Ray Bradbury’s short story “There Will Come Soft Rains” is full of literary devices. That’s why I asked you (my students) to read it for class on the day we were going to talk about literary devices. We listed out several devices that Bradbury uses, and I’m going to write about a few here.
[There are a few things I want you to keep in mind while you’re reading this post. First, this is a loose example to help you if you are confused. I don’t expect your post to copy or mimic this. In fact, please don’t mimic it. Do your own thing. Also, you don’t have to write as much as I do here. Second, I’m only going to hit a couple of examples, but you are identifying at least five in your post. Third, your post will be on The Hunger Games.]
For me, the most prominent literary device that Bradbury uses is personification. While it is in some ways the central conceit of the story and therefore runs all the way through, I’ve chosen one example. Bradbury writes, “At eight-thirty, the eggs were shriveled and the toast was like stone.

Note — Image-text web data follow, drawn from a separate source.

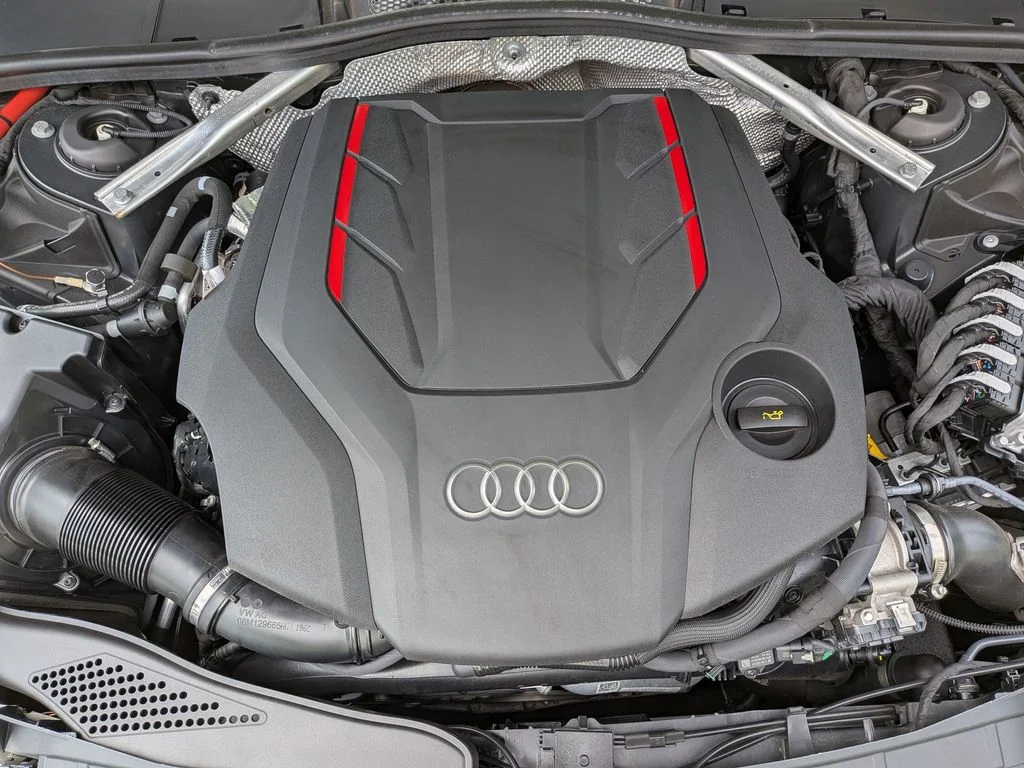 Used 2023 Gray Audi 3.0T Premium Plus image 37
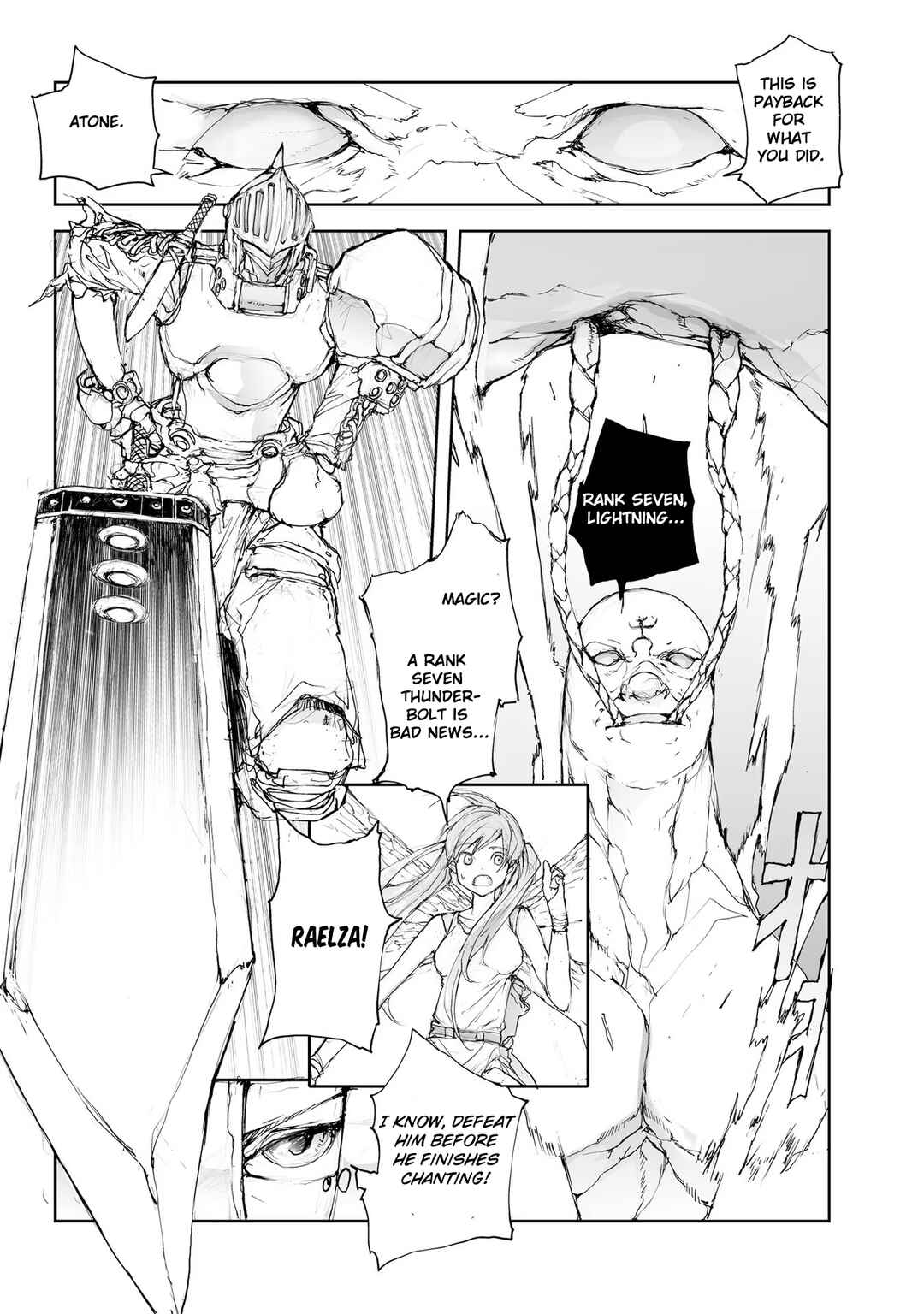 Benriya Saitou-san, Isekai ni Iku Chapter 73 - Page 4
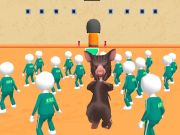 Spel Ratomilton rood licht groen licht online Spel Ratomilton rood licht groen licht online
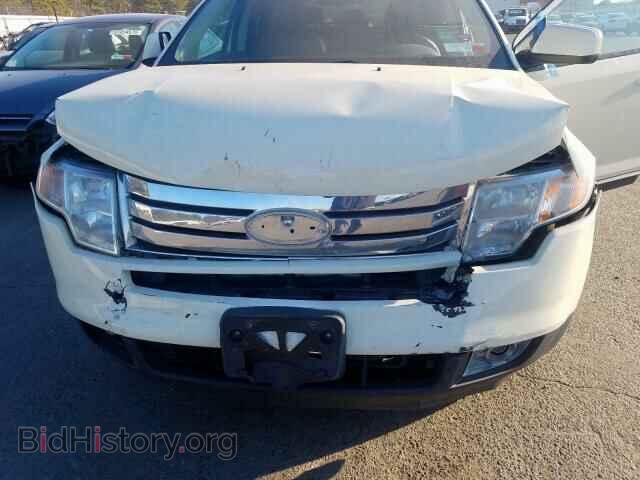 2008 FORD EDGE - VIN: 2FMDK48C88BA54766 - Фото 7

An aluminum wedge scraped them into the sink, where the hot water whirled them down a metal throat which digested and flushed them away to the distant sea” (1). In this passage, Bradbury gives the house the human characteristics of a eating and digesting, which is interesting because it emphasizes the fact that no one is there to eat the food the house makes. It makes the technology of the house and the absence of humans more strange.
Another device that Bradbury uses in this story is setting. He places the story in a specific town–“Allendale, California” (1)– on a specific date–“Today is August 4, 2026″ (1). Now, I know that this story comes from a larger collection of related short stories (The Martian Chronicles), and if I were reading the whole book, I would probably be able to find ways that this place and date are significant in the larger context. But even without that context, by assigning a specific place and date to this story, Bradbury has made it more real and immediate. This is really different than, say, opening a story with “Once upon a time” or “A long time ago in a galaxy far away,” because it gives the reader an immediate, concrete context for imagining the story not in the vague past and some unknown place, but in the real world that we live in. It makes his futuristic tale seem more possible.